----- Extracted information -----

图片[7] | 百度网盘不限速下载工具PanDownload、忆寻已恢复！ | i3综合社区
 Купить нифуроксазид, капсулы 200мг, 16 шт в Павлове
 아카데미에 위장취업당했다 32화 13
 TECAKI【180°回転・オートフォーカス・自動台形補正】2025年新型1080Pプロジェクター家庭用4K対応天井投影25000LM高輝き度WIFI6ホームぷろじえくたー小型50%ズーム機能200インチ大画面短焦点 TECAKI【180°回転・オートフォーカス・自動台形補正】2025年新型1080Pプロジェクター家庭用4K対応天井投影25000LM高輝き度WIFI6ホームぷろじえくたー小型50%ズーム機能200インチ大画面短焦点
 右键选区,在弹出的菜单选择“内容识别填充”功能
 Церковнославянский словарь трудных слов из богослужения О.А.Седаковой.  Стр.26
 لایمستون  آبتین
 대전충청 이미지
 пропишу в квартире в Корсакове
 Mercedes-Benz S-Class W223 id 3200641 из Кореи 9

-----

What you return must match, line for line, the data from the line containing "Купить нифуроксазид, капсулы" to its end, both ends included.

Solution to this problem –
 Купить нифуроксазид, капсулы 200мг, 16 шт в Павлове
 아카데미에 위장취업당했다 32화 13
 TECAKI【180°回転・オートフォーカス・自動台形補正】2025年新型1080Pプロジェクター家庭用4K対応天井投影25000LM高輝き度WIFI6ホームぷろじえくたー小型50%ズーム機能200インチ大画面短焦点 TECAKI【180°回転・オートフォーカス・自動台形補正】2025年新型1080Pプロジェクター家庭用4K対応天井投影25000LM高輝き度WIFI6ホームぷろじえくたー小型50%ズーム機能200インチ大画面短焦点
 右键选区,在弹出的菜单选择“内容识别填充”功能
 Церковнославянский словарь трудных слов из богослужения О.А.Седаковой.  Стр.26
 لایمستون  آبتین
 대전충청 이미지
 пропишу в квартире в Корсакове
 Mercedes-Benz S-Class W223 id 3200641 из Кореи 9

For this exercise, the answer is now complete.